Das I GING ist aber auch der innerste heilige Raum der ELi-Schule. Hier findet die Begegnung mit dem Hohen Rat der Elohim und ihren Gesandten auf den Flügeln der Engel statt.


Der Baum des Lebens im Garten der Seele besitzt eine zweite Seite, den Baum der Erkenntnis. In diesem Baum der Erkenntnis gibt es 10 Kommunikationsräume, in denen wir lernen können, auf den Ebenen des Seins zu leben und das Ewige mehr und mehr im Bewusstsein zu tragen. Zwischen diesen Räumen liegen die 22 Tarot-Pfade der Erkenntnis, die den Schicksalsweg des Menschen durch Raum und Zeit erkennen lassen, eine Analogie zu den Sonne-Venus-Begegnungen zwischen Morgenstern und Abendstern.

Kabbala und Tarot hängen eng zusammen. Die Kabbala ist unsere Wohnung, in der wir wohnen und uns mit dem Himmel und Gott aussprechen. Es ist unsere innere Kirche, uns so nah, wie kein Haus aus Stein je sein kann. Tarot ist unser Werkzeug, das wir anwenden, um aufzuzeigen, wie wir bestimmte Lebenssituationen meistern und was wir tun können, um unseren inneren Seelenfrieden wieder herzustellen oder zu erhalten. Für diese Arbeit nehmen wir die Tarotkarten zu Hilfe. Sie lassen uns inspirierend zur Erkenntnis gelangen.

Zur Bedeutung der Tarotkarten existieren viele Bücher mit Texten. In der ELi-Schule wenden wir Tarot rein aus der Inspiration mit dem Kabbala-Baum des Lebens und der Erkenntnis an. Dieser spricht sich im Tarot selbst aus.

Das I GING ist die Kommunikationsebene, auf der wir mit dem Hohen Konvent der sieben Strahlen und der von ihnen benannten Engel in der hierarchischen Ordnung des Himmels kommunizieren können.

Wenn du wichtige Fragen hast, die dein künftiges Leben betreffen, wenn du wissen möchtest, wie sich dein Leben in der Zukunft gestalten oder verändern wird, dann werden wir den Himmel befragen und du wirst die richtige Antwort erhalten.




Boris fragt nach dem kabbalistischen Lebensbaum:
Hi Eli,
Kennst du dich einigermaßen mit dem kabbalistischen Lebensbaum aus? Ich suche jemanden mit dem ich mich darüber unterhalten kann und hoffe gleichzeitig, dass die Unterhaltung auch praktische Ergebnisse liefert.
Ich habe mir schon meinen Kopf zu Tode gebrochen und glaube nun zumindest intellektuell auch Chesed und Geburah verstanden zu haben, wobei ich selbst aber auch schon zumindest in einmal in Tiphereth gewesen sein müsste.
Liebe Grüße
Boris
Hallo Boris,
erst wenn wir das, über was wir denken und sprechen, im eigenen Inneren auch spüren, können wir verstehen, um was es geht.


Was spüre ich, wenn ich z.B. Tiphereth denke?
(zentrale Sephira im inneren Hexagramm)
Ich spüre das innere Organ, das hier seine Heimat hat, die Galle, die giftig wird, schmerzt und plagt, wenn man sich im Ungleichgewicht befindet oder all das Negative aufnimmt, das durch die heutigen Lebensumstände schon an die Kinder herangetragen wird. So lange Tiphereth genügend Energie hat, fliesst all das Negative mühelos ab, im anderen Falle wird der Mensch krank, weil die entarteten Gallenzellen den Menschen vergiften und selbst Krebs auslösen.

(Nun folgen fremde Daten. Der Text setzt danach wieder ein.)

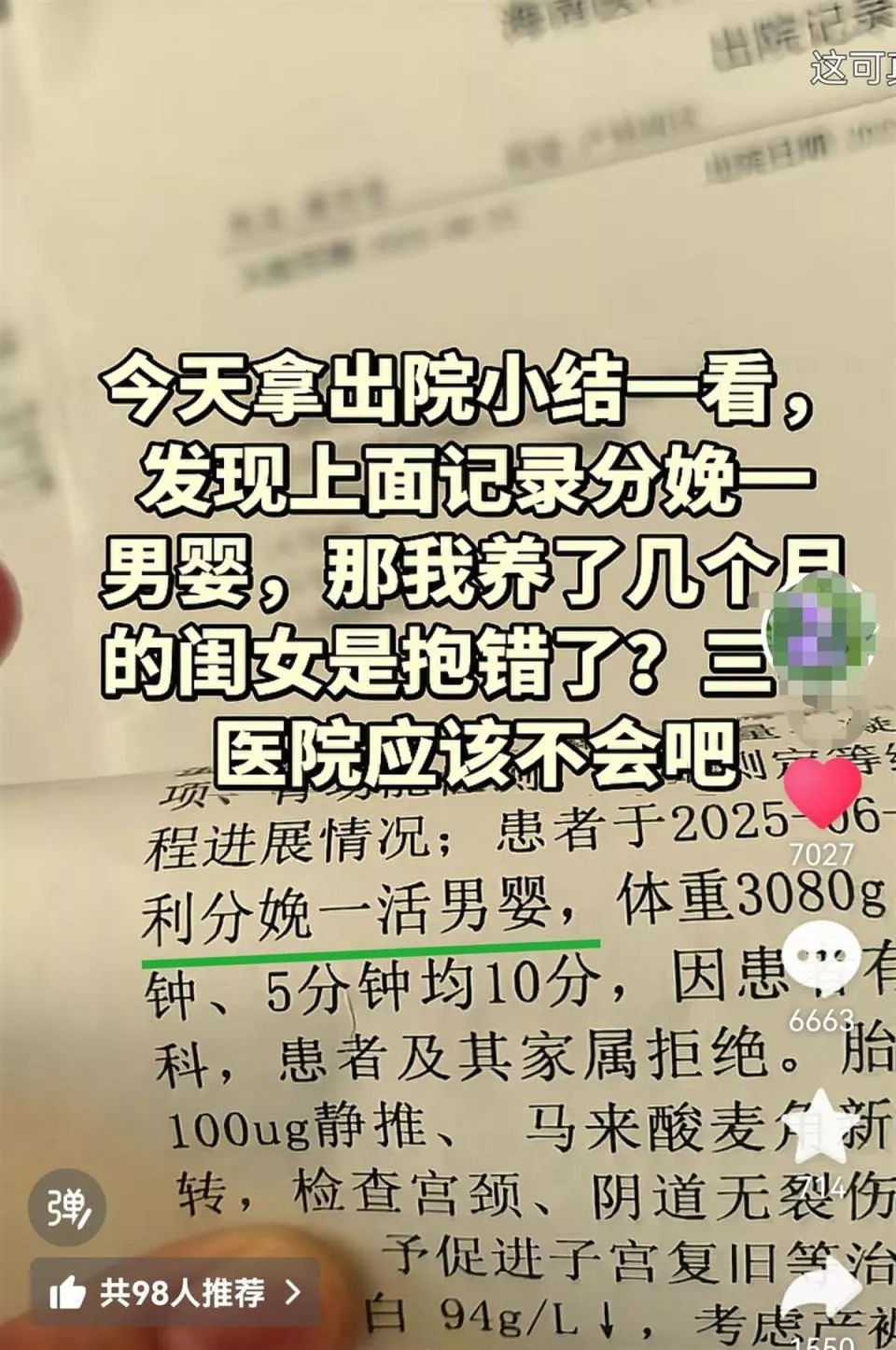 女儿养了三个月,出院记录显示是“男婴”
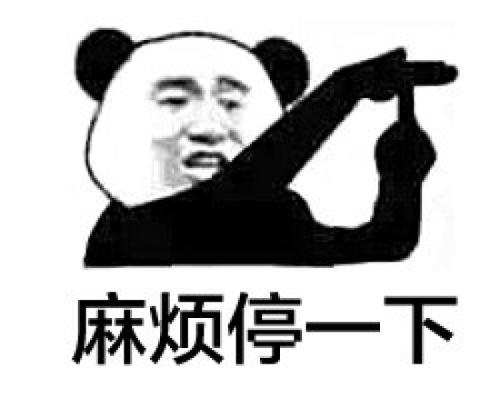 18块的mp3,18块9的mp3
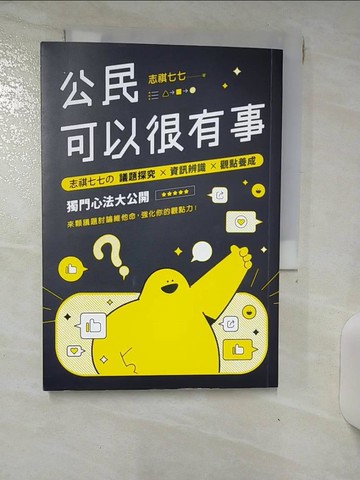 【書寶二手書T5／社會_RG9】公民可以很有事：志祺七七? 議題探究×資訊辨識×觀點養成 獨門心法大公開_志祺七七
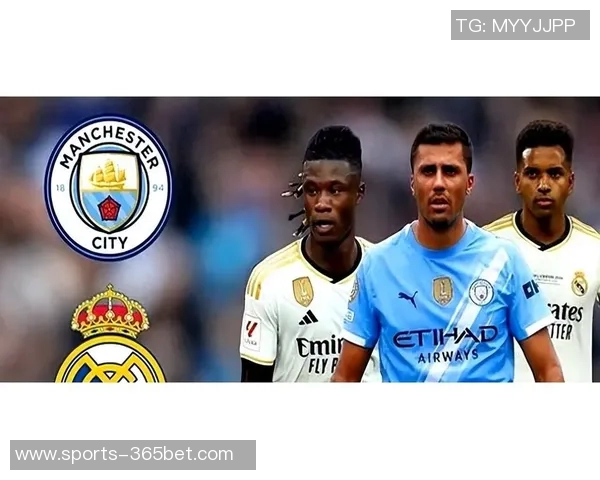 皇马欲以13亿英镑引进罗德里计划引发关注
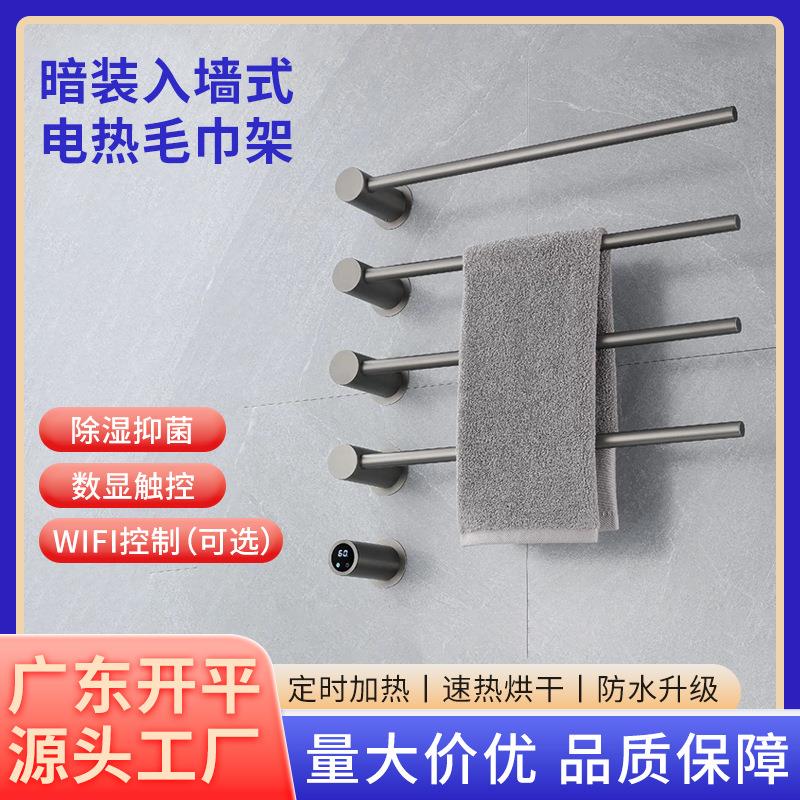 跨境电热毛巾架暗装智能数显碳纤维发热烘干毛巾架浴巾置物架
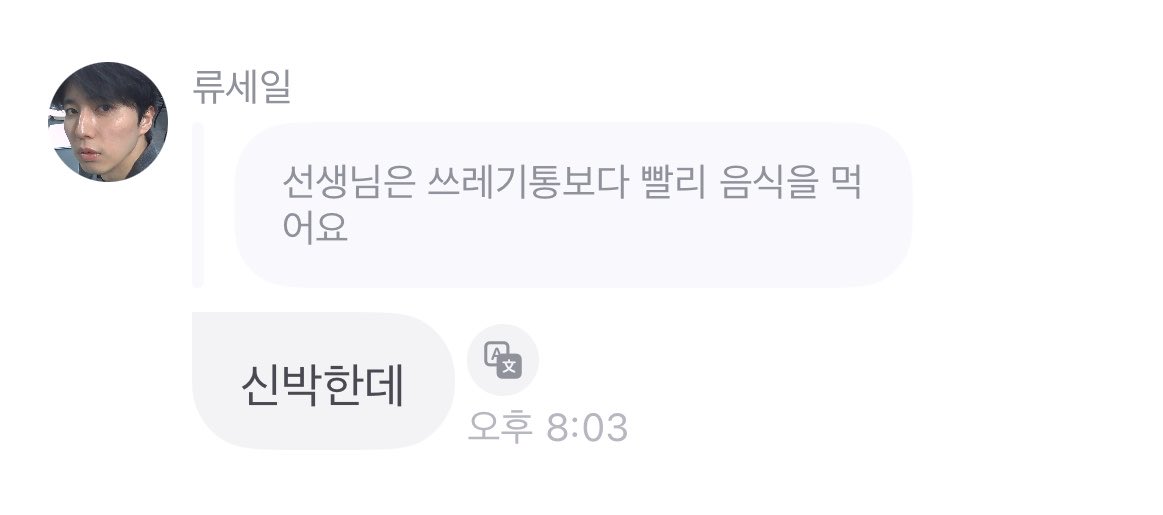 loveforest0102's tweet photo. 와 저항없이 터졌닼ㅋㅋㅋㅋㅋㅋㅋㅋㅋㅋㅋ https://t.co/aKA0aRwp4S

Um das alles, was uns heute umgibt, ertragen zu können, müssen wir Tiphereth energetisch stärken. Wie geht das? Mit jedem Atemzug nehmen wir Prana oder Chi in uns auf. Leider atmen wir falsch als flache Brustatmer. Wir müssen die ganzheitliche Yoga-Atmung mit Bauch-Brust-Kopf-Atmung so lange üben, bis uns dies wieder zur Selbstverständlichkeit wird und alle 10 Sephiroth, also der gesamte Körper in seinen 60 Bill. Körperzellen (!), richtig be-atmet wird. Ist ein Organ, z.B. eine der Nieren, Hod oder Nezach, mit Energie schlecht versorgt, wird diese Niere krank. Was kannst du tun? Du atmest einfach hinein. Nach ein wenig Üben geht das mühelos, und der Nierenschmerz verschwindet, weil die Niere wieder mit Energie versorgt ist.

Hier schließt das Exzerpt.